Krugman writes here on why speculation is not driving higher oil prices and offers a simple model here.  I agree with Krugman's conclusion but not his reasoning.  Arnold Kling responds here and basically Arnold is right although his #2 on the Hotelling principle is trickier than his exposition indicates.  The key two points in response to Krugman are: a) oil in the ground can substitute for inventories and thus speculation can be driving prices higher without it showing up in measured inventories; here's that reasoning in more detail, and b) when risk and liquidity premia are changing, the relationship between the spot price and futures price is obscure and difficult to interpret.  In particular a futures price for oil below the spot price does not refute the speculation hypothesis or even provide much evidence against it.

The more general point is that if a bubble, or lack thereof, could be read so easily from the available numbers, bubbles would be scarcer than they are.  There's also a tricky problem in defining a bubble when there is two-way feedback across price and expectations and "fundamental value" at any one point in time itself depends on the marginal unit of supply and thus it depends supplier decisions and expectations.

My apologies to those whom I am exasperating.

If Krugman's cited data don't do the trick, why do I agree with his conclusion that speculation is not the villain?  The simplest alternative story, again blogged by Arnold, is that the earlier low price of oil was an anti-bubble of sorts and one which now has been corrected by market forces.  It was a kind of collective blindness, akin to the view that real estate prices would continue rising in value.  No, I can't prove that is true but I find it the most plausible story, with p (truth) = 0.57.

Addendum: Note that most asset bubbles are based on the psychological property that bullishness is more common than bearishness in asset markets, if only for ESS reasons.  This same general bullishness can drive "anti-bubbles" or artificially low prices in oil markets (high oil prices are bad for good times) even though yes I know that sounds funny and we are used to bubbles bringing artificially high prices.

Second addendum: Paul Krugman responds.

Posted by Tyler Cowen on June 25, 2008 at 12:35 PM in Economics | Permalink

Comments

Tyler, are you sure your exasperation with Krugman isn't due to habit?

Krugman does allow that options prices can indirectly affect supply by affecting on producers' decisions to produce more oil. Arnold Kling's explanation that we should blame inept speculators for not realizing this sooner is probably true, but it not an alternate explanation of why the current run-up in price is due to speculation.

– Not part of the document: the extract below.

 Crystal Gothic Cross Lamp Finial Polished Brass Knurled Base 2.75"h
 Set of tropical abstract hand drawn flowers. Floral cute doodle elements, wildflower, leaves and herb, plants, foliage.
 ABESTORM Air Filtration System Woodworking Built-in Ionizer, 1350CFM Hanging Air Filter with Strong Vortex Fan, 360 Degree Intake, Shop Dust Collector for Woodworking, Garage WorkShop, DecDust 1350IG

Posted by: MostlyAPragmatist at Jun 25, 2008 1:17:10 PM

"could be read so easily from the available numbers, bubbles would be scarcer than they are"

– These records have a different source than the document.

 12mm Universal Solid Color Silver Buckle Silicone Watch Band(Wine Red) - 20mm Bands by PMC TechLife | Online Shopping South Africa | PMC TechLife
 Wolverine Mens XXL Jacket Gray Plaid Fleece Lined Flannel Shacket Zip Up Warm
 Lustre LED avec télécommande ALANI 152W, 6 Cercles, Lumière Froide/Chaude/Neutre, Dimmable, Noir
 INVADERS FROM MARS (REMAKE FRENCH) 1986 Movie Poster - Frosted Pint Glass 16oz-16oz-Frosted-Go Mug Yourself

That's what I was thinking, though not so eloquently thought. If the price was raised above rational levels by speculators, then a bunch of speculators are about to lose money. And if the pros can't see this, then how the heck is Barack Obama going to see it, or Krugman going to see it's not?

My theory is that the anti-bubble resulted from a lack of understanding of growth afforded by globalization masked by the tech boom/bust/recession. No proof for that theory. But I go on undaunted. Now that we are seeing the promise of the new economy fulfilled, investors are scrambling.

Posted by: Andrew at Jun 25, 2008 1:21:30 PM

I think if anything, financial market speculation puts pressure on producers to produce more.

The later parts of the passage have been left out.